--- Data to examine Enclosed Below ---
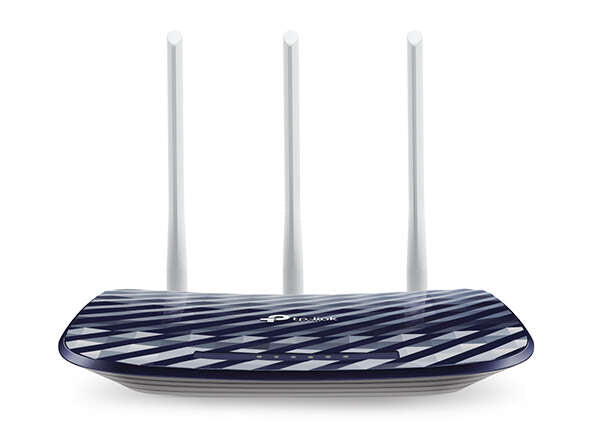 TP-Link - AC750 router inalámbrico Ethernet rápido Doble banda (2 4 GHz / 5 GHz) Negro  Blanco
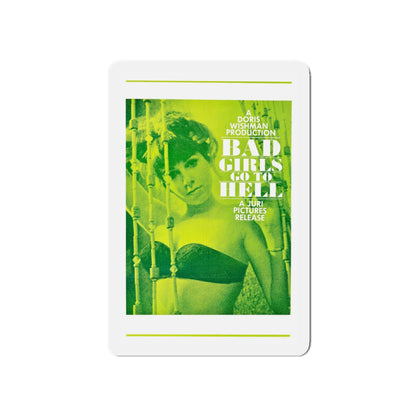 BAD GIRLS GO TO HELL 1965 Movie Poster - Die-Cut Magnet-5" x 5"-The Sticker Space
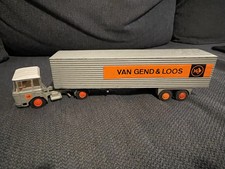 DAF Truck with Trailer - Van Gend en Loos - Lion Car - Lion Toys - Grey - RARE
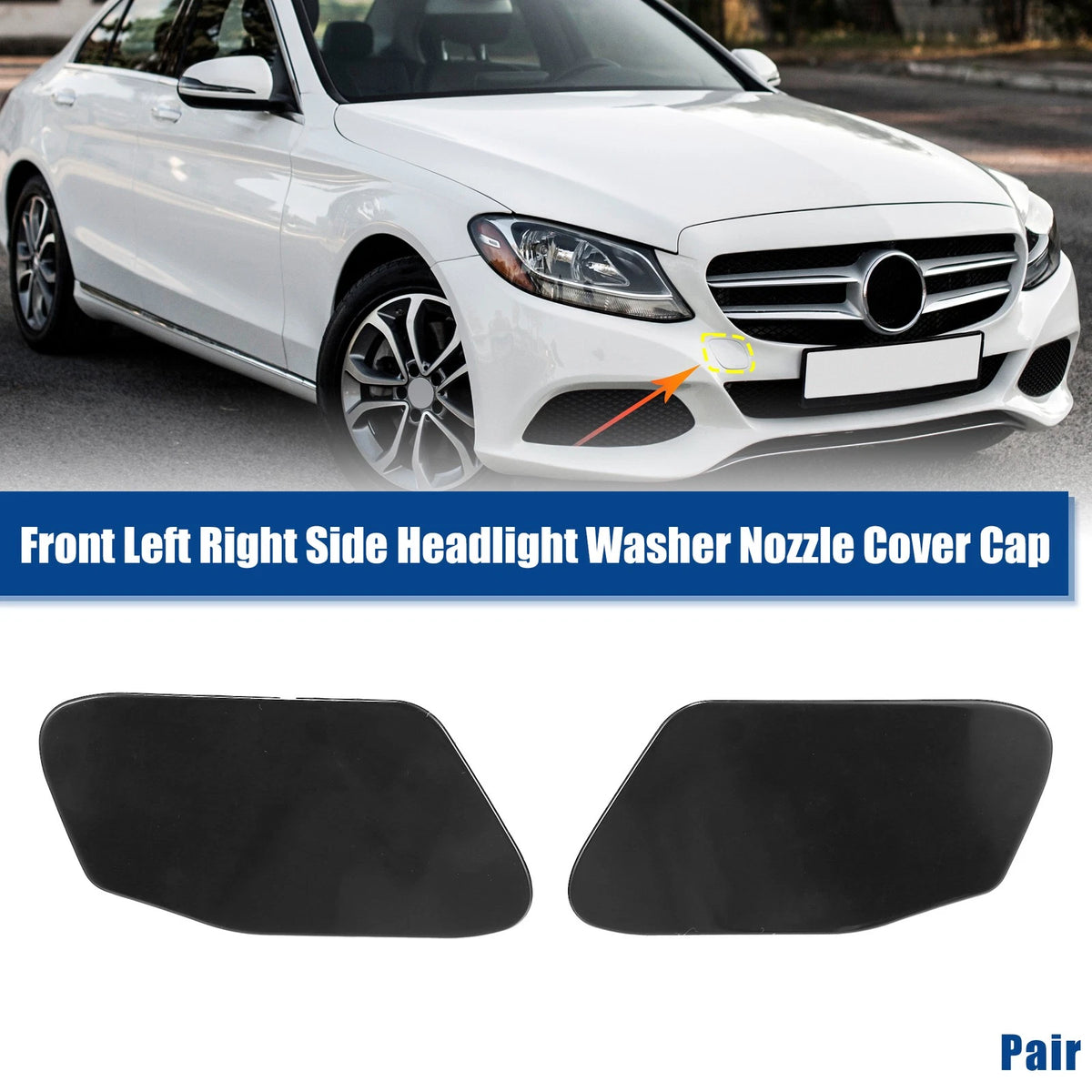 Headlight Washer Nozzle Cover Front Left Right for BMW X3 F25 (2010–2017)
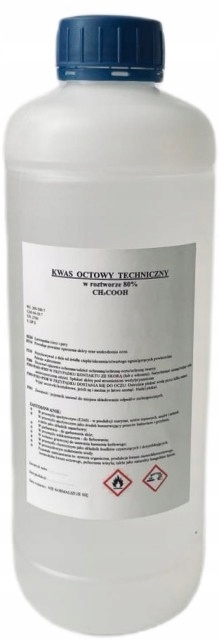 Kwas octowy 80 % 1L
--- End of Enclosed Data to examine ---
Without any pictures, restate word for word only the lines from the one with "DAF Truck with" through the end of the listing.

(Solution for this exercise):
 DAF Truck with Trailer - Van Gend en Loos - Lion Car - Lion Toys - Grey - RARE
 Headlight Washer Nozzle Cover Front Left Right for BMW X3 F25 (2010–2017)
 Kwas octowy 80 % 1L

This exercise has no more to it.